EXERCISE DETAILS: Transcribe this listing exactly; omit the pictures.

SUPPLIED MATERIAL:

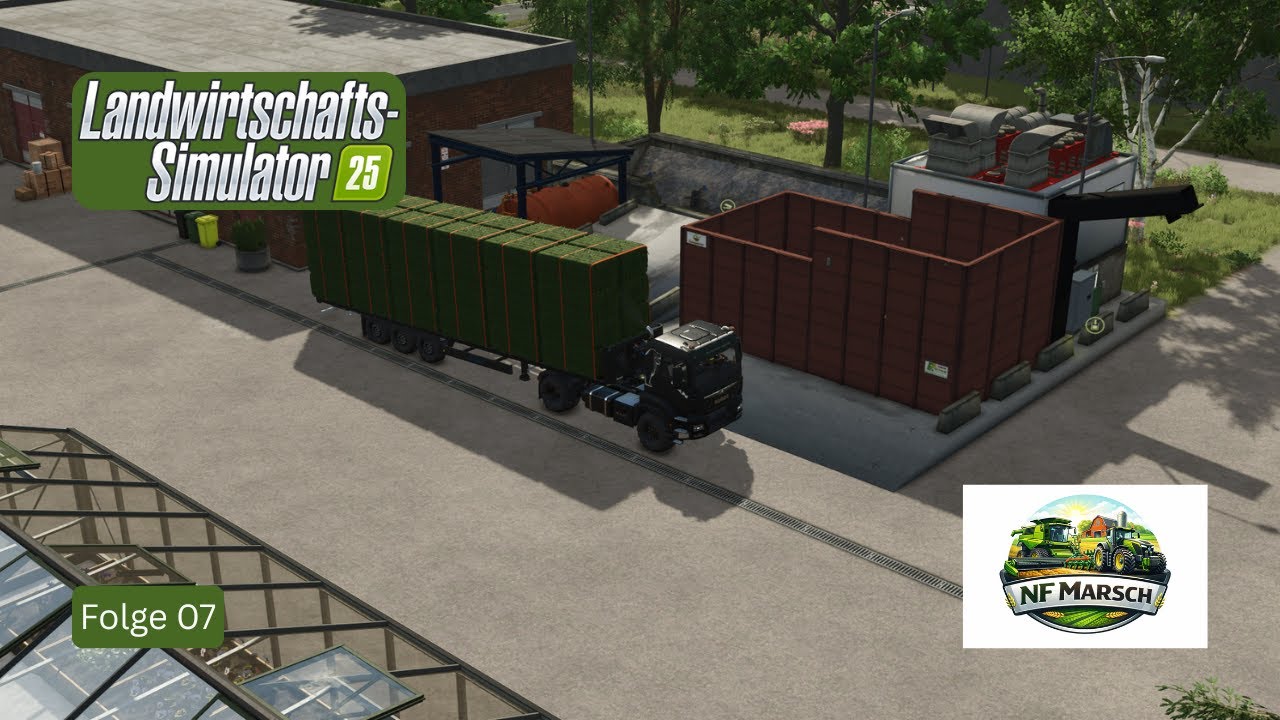LS25 NF Marsch 🚜 F07 | wir bauen die erste Produktion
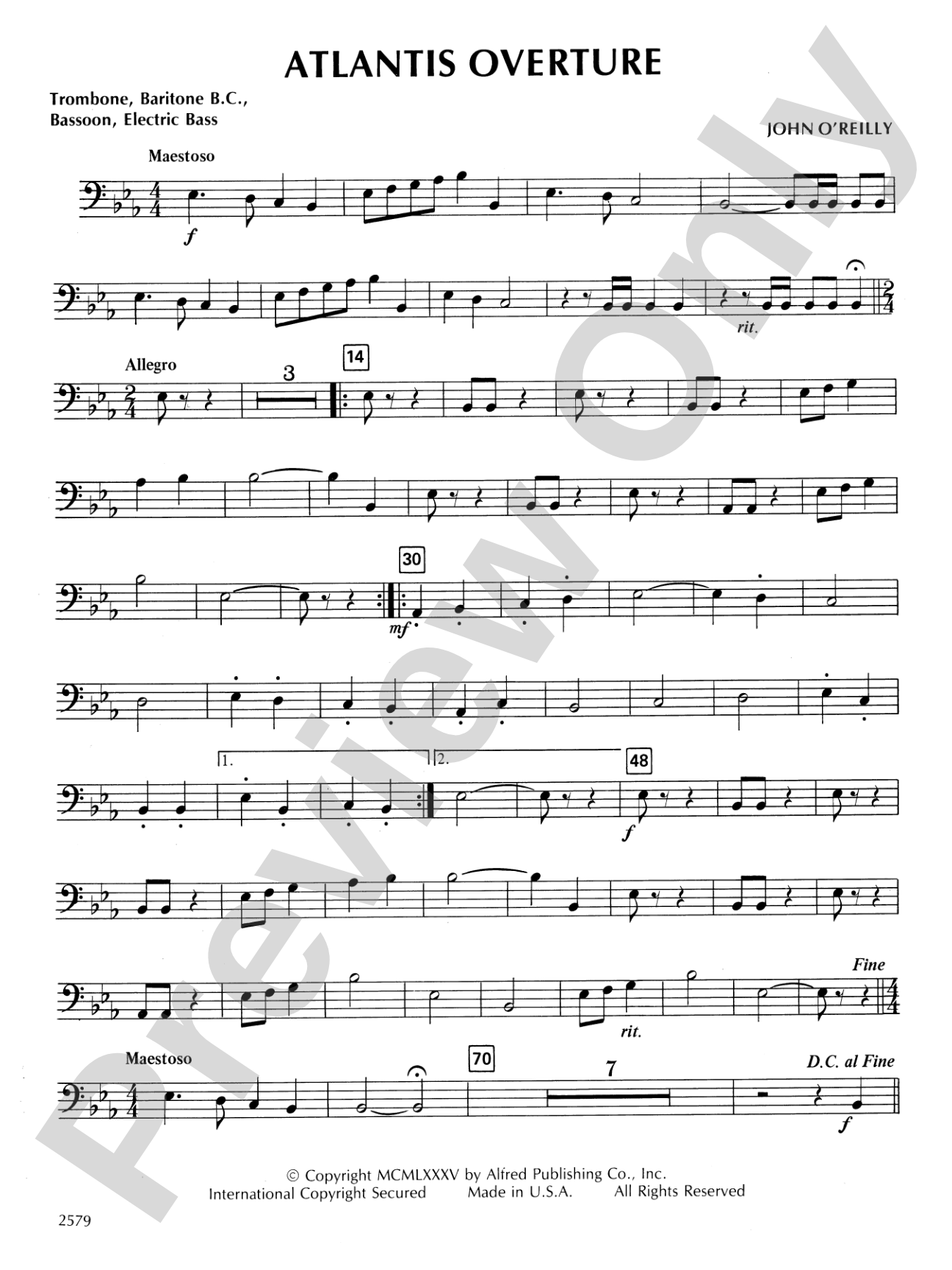 Atlantis Overture: 1st Trombone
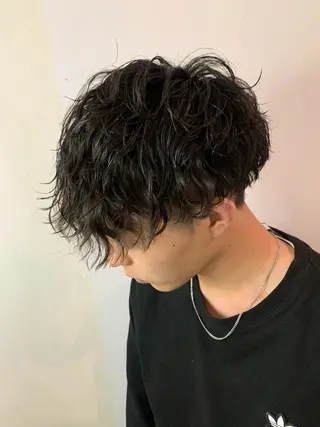 パーマ プレミアムバーバー新宿店所属・新宿駅近！ 💈口コミ多数✨のヘアスタイル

REPLY:
LS25 NF Marsch 🚜 F07 | wir bauen die erste Produktion
 Atlantis Overture: 1st Trombone
 パーマ プレミアムバーバー新宿店所属・新宿駅近！ 💈口コミ多数✨のヘアスタイル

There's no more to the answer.